Voyons comment cela se manifeste.

Extraits de l'oeuvre "Peter Pan" de Barrie :

"Quand à Peter, à plusieurs reprises, il semblait les avoir oubliés. Wendy en était certaine. Une fois, elle
avait même dû lui rappeler son nom.
"C'est moi, Wendy, avait-elle crié angoissée.
-Wendy, répondit-il désolé, si jamais tu vois que je t'oublie, répète-moi ton nom sans arrêt et je te 
reconnaîtrai." (ch. IV, 95)

"Souvent, Peter sortait seul. A son retour, il était impossible de savoir s'il avait eu une aventure ou non. 
Il pouvait l'avoir si complètement oubliée qu'il n'en soufflait pas un mot. Et si vous sortiez à ce 
moment-là, vous trébuchiez sur le cadavre; et vice versa, il vous racontait une histoire à n'en plus finir 
et vous ne trouviez pas de cadavre." (ch.VII, 105)

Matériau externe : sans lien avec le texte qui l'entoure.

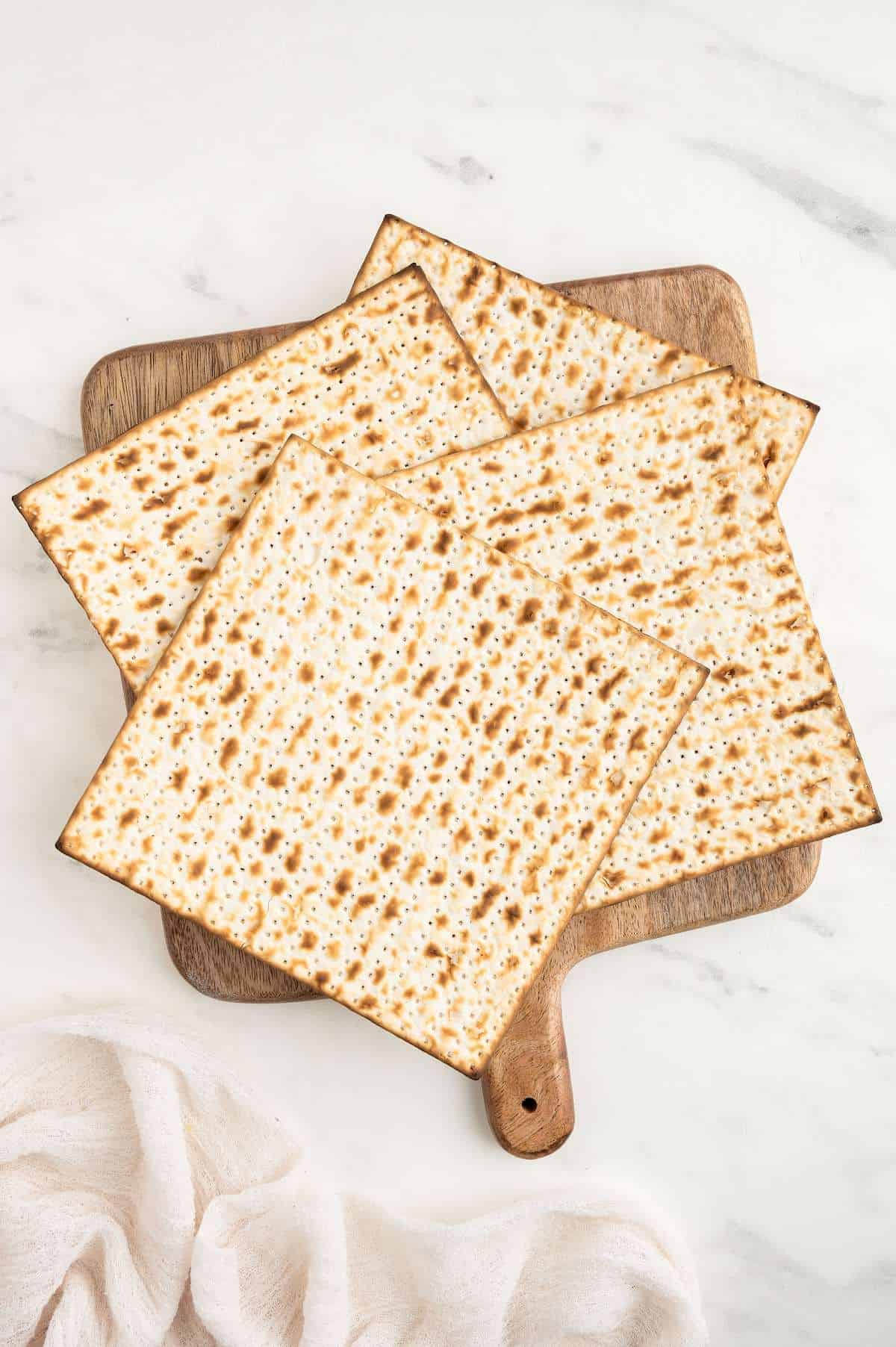 Matzah crackers in a stack on top of a wooden pizza tray.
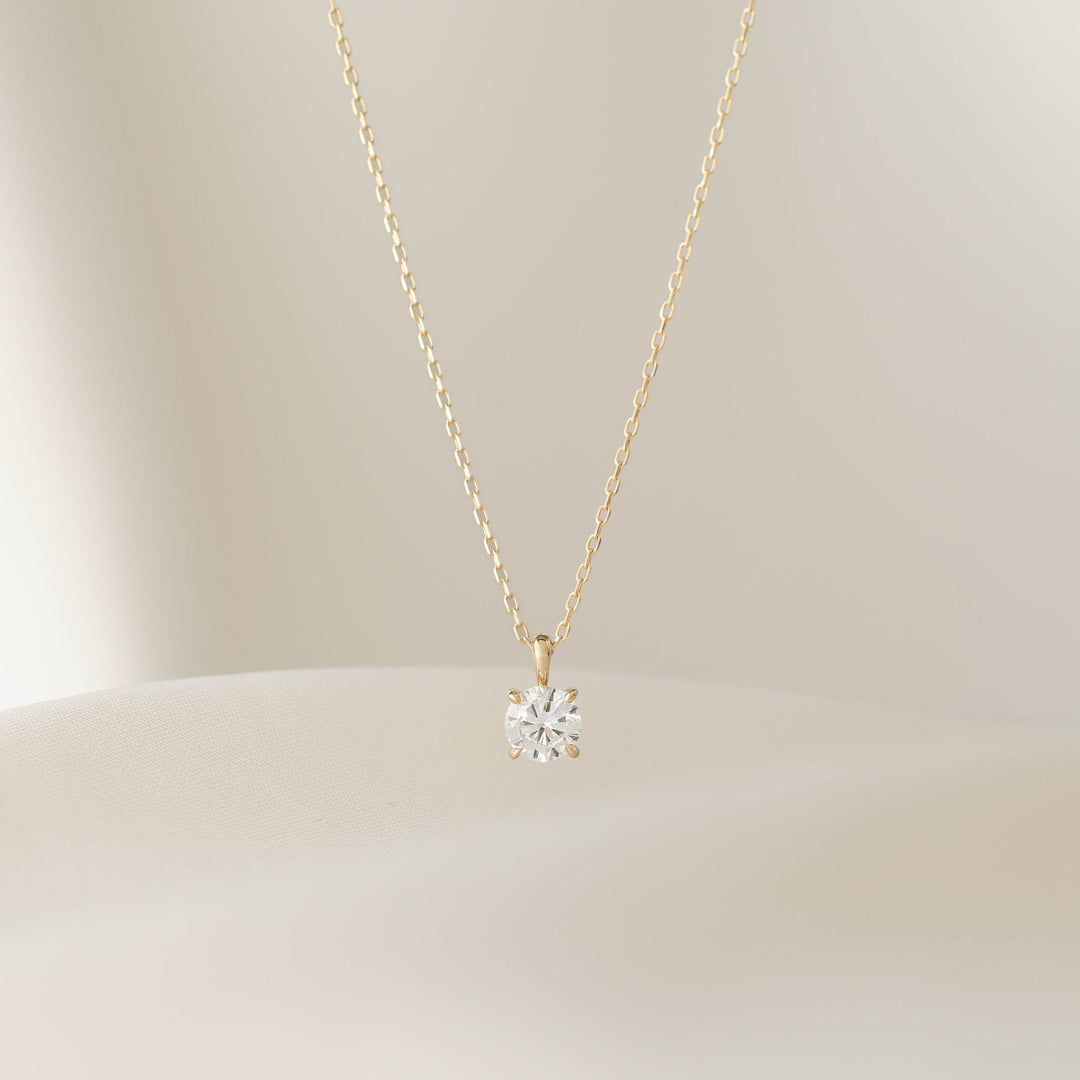 A close-up shot of a delicate Gold necklace with a small, round diamond solitaire pendant in a prong setting, draped over a textured, light beige surface.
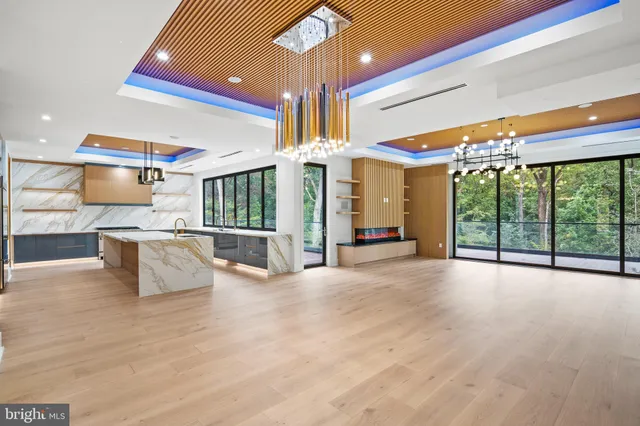 a room with a bed and large window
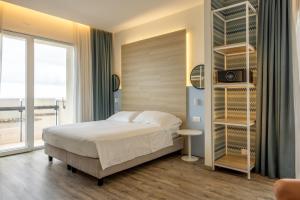 a bedroom with a bed and a large window at Hotel Baia in Rimini +41 photos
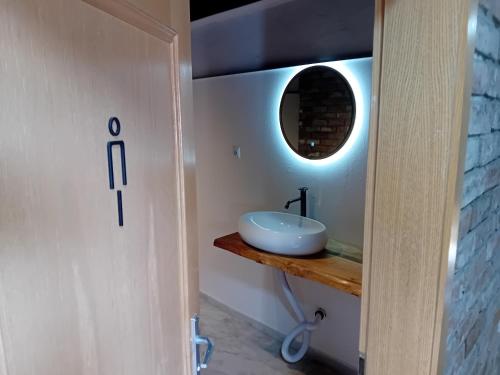 a bathroom with a sink and a mirror at Kuća za proslave Marković in Baranjsko Petrovo Selo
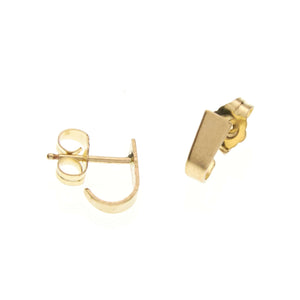Pair of tiny gold post cuff earrings that wrap around earlobe.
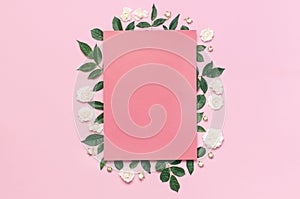 Flowers composition. Pink blank paper, white fresh roses and green leaves on gentle pink background. Flat lay, top view, copy
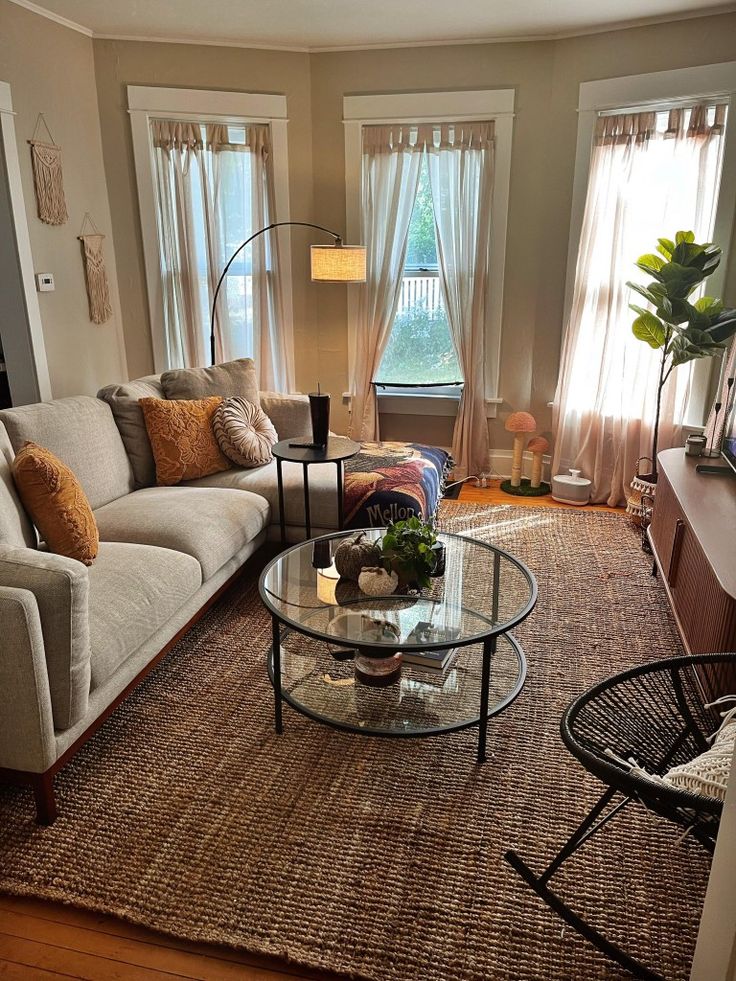 a living room with two couches and a coffee table in the middle of it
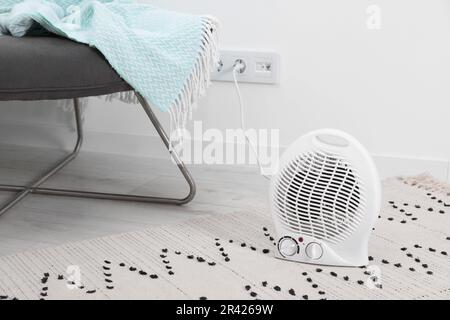 Electric fan heater on floor at home. Space for text Stock Photo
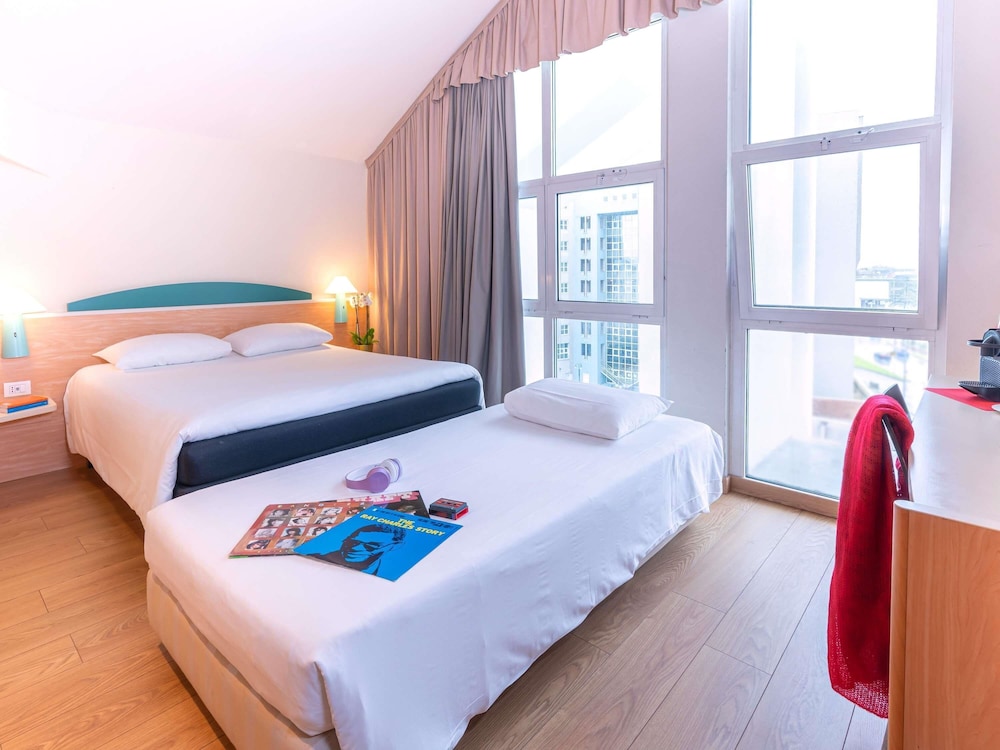 Habitación Doble Premium con 1 cama supletoria por niño del hotel Ibis Florence North Airport
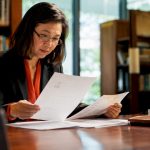 Woman reviewing visa document translation side by side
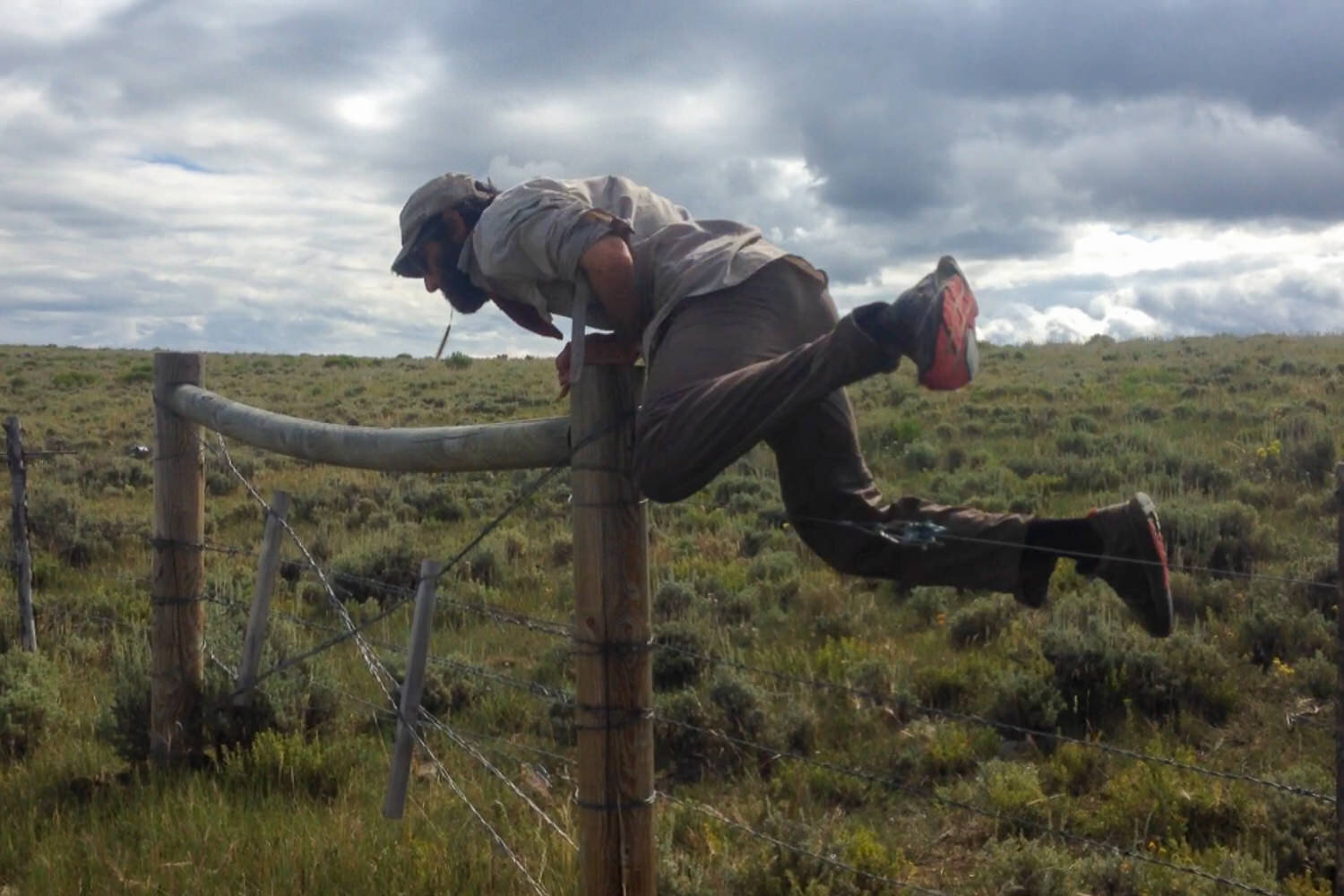 backpacker hops over a cattle fence in an open field with cloudy skies on the CDT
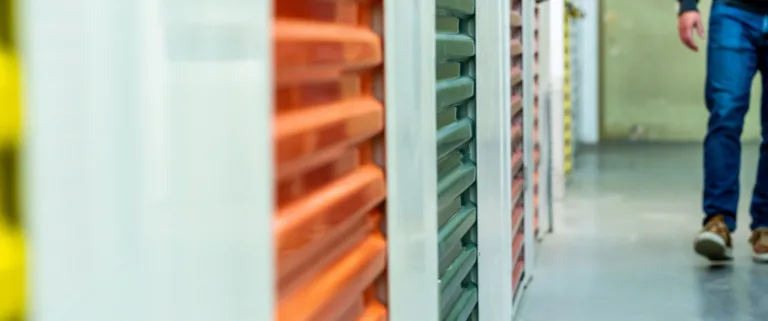 Man walking through an indoor storage facility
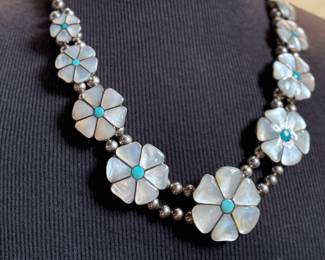This lot features a vintage Zuni Native American squash blossom necklace, made of sterling silver with mother-of-pearl and turquoise inlay with a floral design. This necklace measures 24” and has a total approx. weight of 134.87 grams.
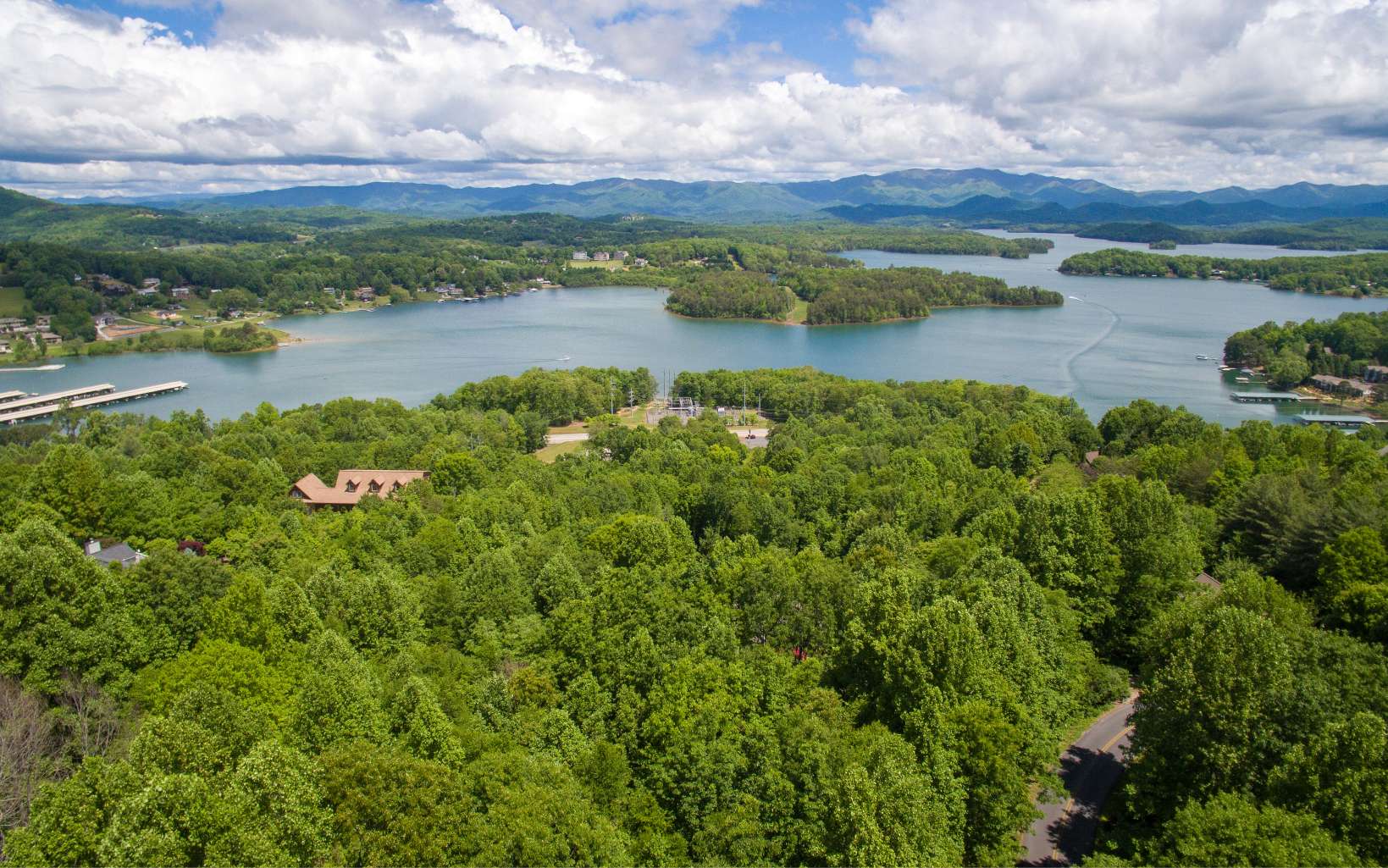 BIG LAKE & MOUNTAIN VIEWS WITH SOME CLEARING!! Located in the premier mountain and lake view community of Lake Forest Estates, with upscale and well kept homes, very close to town, this lot offers paved road access and under ground utilities. PERFECT PLACE TO BUILD YOUR NORTH GEORGIA MOUNTAIN GETAWAY!!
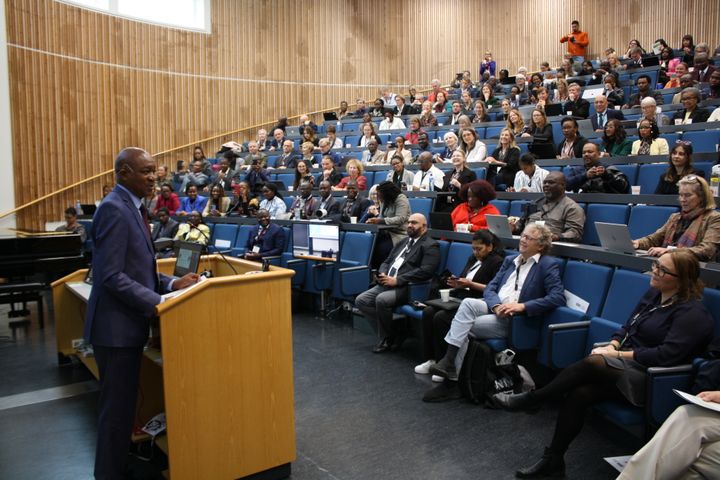 Douglas Syakalima ved talerstolen i et auditorium fylt med mennesker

Peter peut être amnésique. Il a de gros problèmes de mémoire, ou plutôt il ne fixe rien dans sa mémoire 
à cause de gros problèmes de concentration. 
Cela est dû à l'état de choc dans lequel il vit.

"...Auncun enfant ne guérit jamais de cette première trahison. Aucun hormis Peter qui en faisait 
souvent l'expérience mais oubliait toujours. Je suppose que c'est cela qui le distinguait vraiment des 
autres.
Aussi, en ce moment, tout se passait comme s'il en était à sa première expérience : il restait là, les yeux
écarquillés, incapable de se défendre. A deux reprises la main de fer le griffa." 
(ch. VIII, 375)

"Elle (Wendy) avait espéré qu'ils frissonneraient ensemble au souvenir du bon vieux temps, mais de 
nouvelles aventures avaient chassé les anciennes de son esprit.
"Qui est le capitaine Crochet? demanda-t-il avec curiosité quand elle lui parla de l'ex-ennemi numéro 
un.
-Comment! s'étonna-t-elle. Tu ne te souviens donc pas comment tu l'as tué et nous as sauvé la vie?
-Je les oublie dès que je les ai tués", avoua-t-il avec insouciance.
Quand, sans trop y croire, elle demanda si la fée Clo serait heureuse de la revoir, il répondit :
"Qui est la fée Clo?
-Peter!" dit-elle scandalisée.
Mais elle eut beau lui expliquer, il avait tout oublié." (ch. XVII, 170)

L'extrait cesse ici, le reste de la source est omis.